1.3.6. Risâletün fî Adâbi’t-Tarîkati’n-Nakşibendiyye

Bu risâle Mektûbât içerisinde yer alan birinci mektûbtan derlenmiştir. Bu risâlede Nakşibendî tarîkatının gayesi ve ana konusu, tarîkata intisab ederken yerine getirilmesi gereken sekiz şart, kalbın hakikatı, havf - recâ, râbıta, vird, letâif, nefi ve isbat ile ilgili meseleler, mürîtte bulunması gereken şartlar ve Nakşibendî hatmesi gibi konular özet bir şekilde anlatılmıştır.

Bu eser 1979 yılında Ahmet Şahin tarafından Türkçe’ye tercüme edilmiş olup,

Tasavvuf, Edep ve Ahlâk Rehberi adıyla yayımlanmıştır.
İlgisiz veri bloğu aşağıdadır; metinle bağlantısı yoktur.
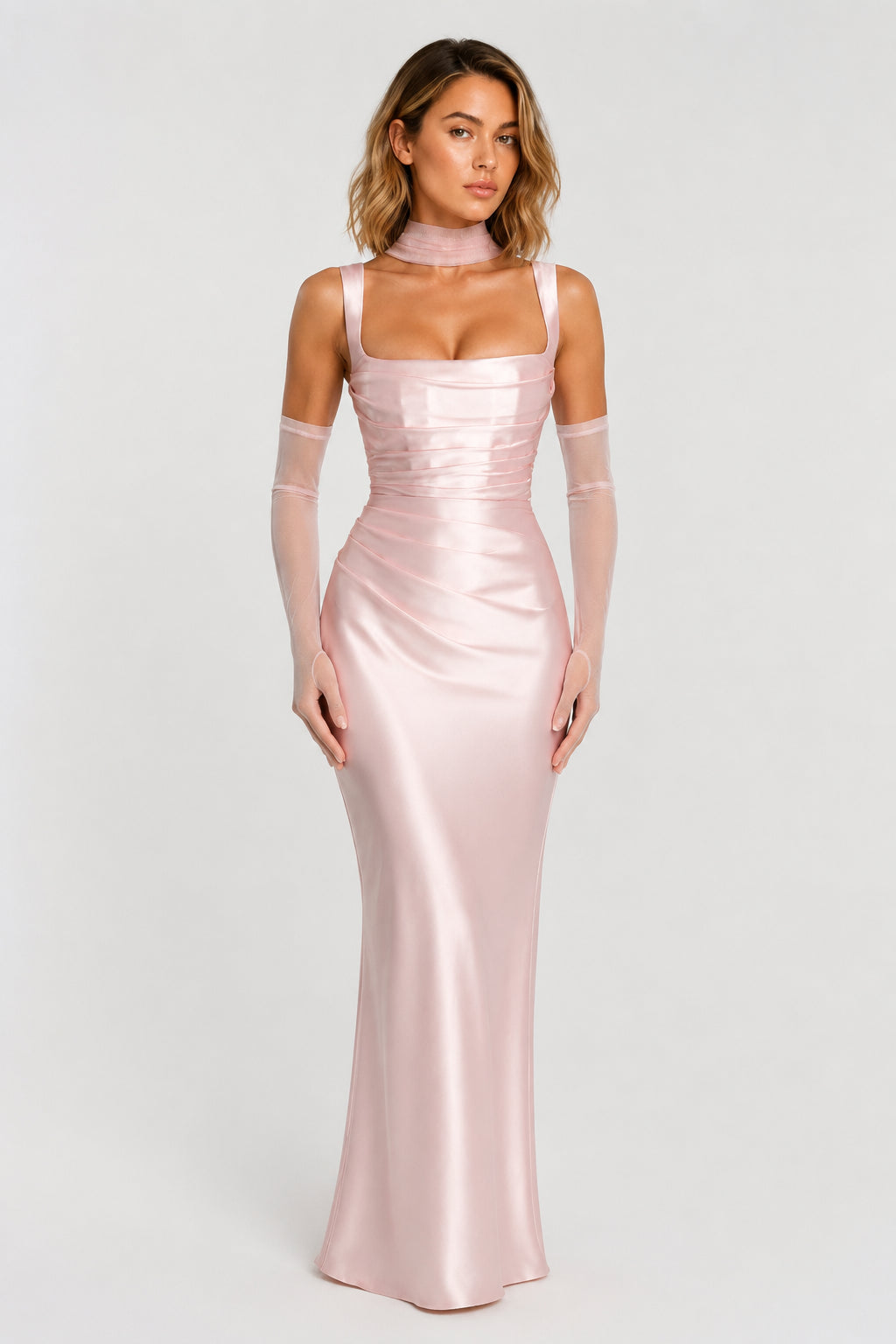 Daydream Satin Square-Neck Maxi Dress Blush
Yukarıda isimleri ve hakkında kısa malumat verdiğimiz Verkânisî’nin bu altı esri daha sonra oğlu Şeyh Alaüddin tarafından “Kenzu’l-Cevâhir” adiyla bir araya getirilmiştir. M. 1992 tarihinde Tatvan’da ikamet eden Nurüllah Godışkî tarafından istinsah edilen nushanın bir kopyası elimizde mevcuttur.

1.4. TASAVVUFÎ YÖNÜ

1.4.1. Tasavvufa Yönelişi

Şeyh Fethullah el-Verkânisî, tasavvufa yönelişini şu şekilde anlatmaktadır: “Medrese tahsilini tamamladıktan sonra okuduğum kitaplardan, hakikate ulaşmanın sadece zahirî ilimleri tahsil etmekle mümkün olamayacağını, bununla beraber tasavvuf köprüsünden geçip tasavvuf ehli kâmil bir zata intisap etmek gerektiğini anlamıştım. Bu amaçla meşhur bütün şeyhleri ziyaret ediyordum. Fakat intisap etmek için hiç kimseye karşı kalbimde bir bağlılık meydana gelmiyordu. Seyyid Sibğetüllah el-Arvâsî’yi ise ziyaret etmemiştim ve bu zatın da diğer ziyaret ettiğim kişiler gibi olduğunu düşünüyordum. Kendi kendime Allah bana kâmil bir zata intisab etmeyi ve bu yüce makamı nasip etmemiştir dedim. Bunun üzerine tedrisât ile meşgul olup insanlar da benim buna ehil olduğumu görür, yanıma çok sayıda öğrenci gelir düşüncesi ile ibadetlerin en faziletlisi olan ilimle meşgul olmaya karar verdim. Bunun üzerine resmi müderris olmak için Bitlis’e bağlı Âbırî köyüne gittim. Allah da bu hizmeti bana nasip

etti ve tarikata intisap edinceye kadar bu göreve devam ettim.”44

1.4.2. Tarikata İntisabı

Verkânisî’nin, medresede tedrisâta devam etmesiyle beraber bir mürşide bağlanma arayışı hep devam etmiştir. Bu arayışın sonunda Gavsü’l-a’zam olarak şöhret bulmuş ve Bitlis’in Hizan ilçesine bağlı Gayda Köyünde ikâmet eden Şeyh Sibğatullah el-Arvasî’ye (v.1287/1870) karşı kendisinde bir meyil ve sevgi oluşur.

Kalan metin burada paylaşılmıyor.